At least 21 killed in ISIL bombing in Saudi...
The figures were announced by Saudi Health Minister Khalid al-Faleh on Friday following the attack, which took place at Imam Ali (PBUH) Mosque in the village of al-Qadeeh, located in the oil-rich kingdom’s Qatif district and more than 420 kilometers (260 miles) east of the capital, Riyadh.
A bomber reportedly blew himself up in the mosque as more than 150 people had gathered for Friday prayers.
Later in the day, the Takfiri ISIL terrorist group claimed responsibility for the attack.
Following the bombing, a large number of people took to the streets in Qatif to denounce the terrorist attack.
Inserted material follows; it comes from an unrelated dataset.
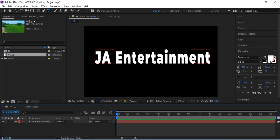Hello everyone, this is John Zeb Khan. Welcome to JA Entertainment. In this tutorial, we'll learn about track matte. What is track matte in Adobe After Effects? There are two parts of track matte: luma matte and alpha matte.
The protesters also chanted slogans to show their anger at Saudi officials over the deadly blast.
Meanwhile, the Islamic Republic of Iran has strongly condemned the deadly bomb attack against the Saudi Shia worshipers, calling for those responsible to be brought to justice.
“Countering and combating terrorist and extremist groups and avoiding adventurism abroad as well as refraining from inflicting irreparable losses on regional nations are the necessary steps that should be given priority,” Iran’s Foreign Ministry Spokeswoman Marziyeh Afkham said Friday.
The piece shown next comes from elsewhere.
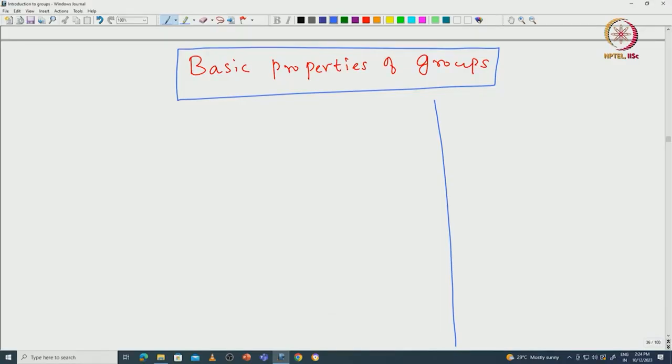Welcome back everyone. In this lecture I will prove some of the basic properties of groups. We were actually seeing some concrete examples of groups and subgroups, but it is also important to learn how to approach group theory abstractly. That is why I would like to prove some of the basic properties of groups in this lecture. Let us start with a group G, which comes with this binary operation star.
Saudi regime ‘responsible’
The Lebanese resistance movement Hezbollah also strongly condemned the terrorist attack, saying the Saudi regime is “fully responsible” for the deadly incident.
"Hezbollah holds the Saudi authorities fully responsible for this ugly crime, for its embrace and sponsorship for these criminal murderers ... to carry out similar crimes in other Arab and Muslim countries," read the statement issued by the resistance group.
Hezbollah lashed out at Saudi Arabia for "failing to protect" its Shia citizens, who have been for long subject to systematic marginalization in the kingdom.
Saudi authorities "incited against them (Shia citizens) from the minbars (pulpits) of mosques and in the media,” the statement went on to say.
United Nations Secretary General Ban Ki-moon denounced the terrorist attack as “abhorrent” and extended his condolences to the families of the victims.
“The attack caused many deaths and injuries as people were gathering for Friday prayers,” read the statement issued by the UN chief, adding, “Such attacks on places of worship are abhorrent and intended to promote sectarian conflict.”
Ban also expressed hope that “the perpetrators will be swiftly brought to justice.”
On November 3, 2014, masked gunmen stormed a group of Shia Muslims participating in a ceremony marking the martyrdom anniversary of Imam Hussein (PBUH), the third Shia Imam, in the village of al-Dalwah in al-Ahsa Governorate of Eastern Province, and opened fire as people were observing Ashura, the 10th day of the lunar month of Muharram.
Eastern Province has been the site of peaceful demonstrations, mostly in the districts of Qatif and Awamiyah, since February 2011. Protesters have been demanding reforms, freedom of expression and the release of political prisoners. They want an end to economic and religious discrimination against the oil-rich region.
Several demonstrators have been killed and dozens of activists have been arrested since the beginning of protests in the region.